═══ Input data ═══
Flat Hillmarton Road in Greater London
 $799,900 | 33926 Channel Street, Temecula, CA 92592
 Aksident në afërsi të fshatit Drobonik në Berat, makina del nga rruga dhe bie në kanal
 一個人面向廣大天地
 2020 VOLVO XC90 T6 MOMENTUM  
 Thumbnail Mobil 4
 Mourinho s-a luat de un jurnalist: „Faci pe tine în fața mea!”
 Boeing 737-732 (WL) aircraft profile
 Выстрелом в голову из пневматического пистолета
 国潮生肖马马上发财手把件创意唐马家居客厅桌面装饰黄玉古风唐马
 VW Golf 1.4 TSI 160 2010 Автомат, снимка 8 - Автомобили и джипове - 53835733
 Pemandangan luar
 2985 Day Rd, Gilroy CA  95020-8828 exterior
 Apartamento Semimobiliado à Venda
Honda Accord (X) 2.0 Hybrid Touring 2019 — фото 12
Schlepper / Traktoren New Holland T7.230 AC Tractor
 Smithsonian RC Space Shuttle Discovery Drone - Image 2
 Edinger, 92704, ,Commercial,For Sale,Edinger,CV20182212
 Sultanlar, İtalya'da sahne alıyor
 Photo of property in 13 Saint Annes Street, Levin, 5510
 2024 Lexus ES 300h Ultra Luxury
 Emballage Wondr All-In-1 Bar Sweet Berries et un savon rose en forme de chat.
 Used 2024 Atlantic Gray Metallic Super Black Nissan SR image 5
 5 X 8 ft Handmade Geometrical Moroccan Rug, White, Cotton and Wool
═══
• _What this task involves_
Repeat the records above line by line, from the first line through the line that contains "Thumbnail Mobil 4".

• _Reply to the task_
Flat Hillmarton Road in Greater London
 $799,900 | 33926 Channel Street, Temecula, CA 92592
 Aksident në afërsi të fshatit Drobonik në Berat, makina del nga rruga dhe bie në kanal
 一個人面向廣大天地
 2020 VOLVO XC90 T6 MOMENTUM  
 Thumbnail Mobil 4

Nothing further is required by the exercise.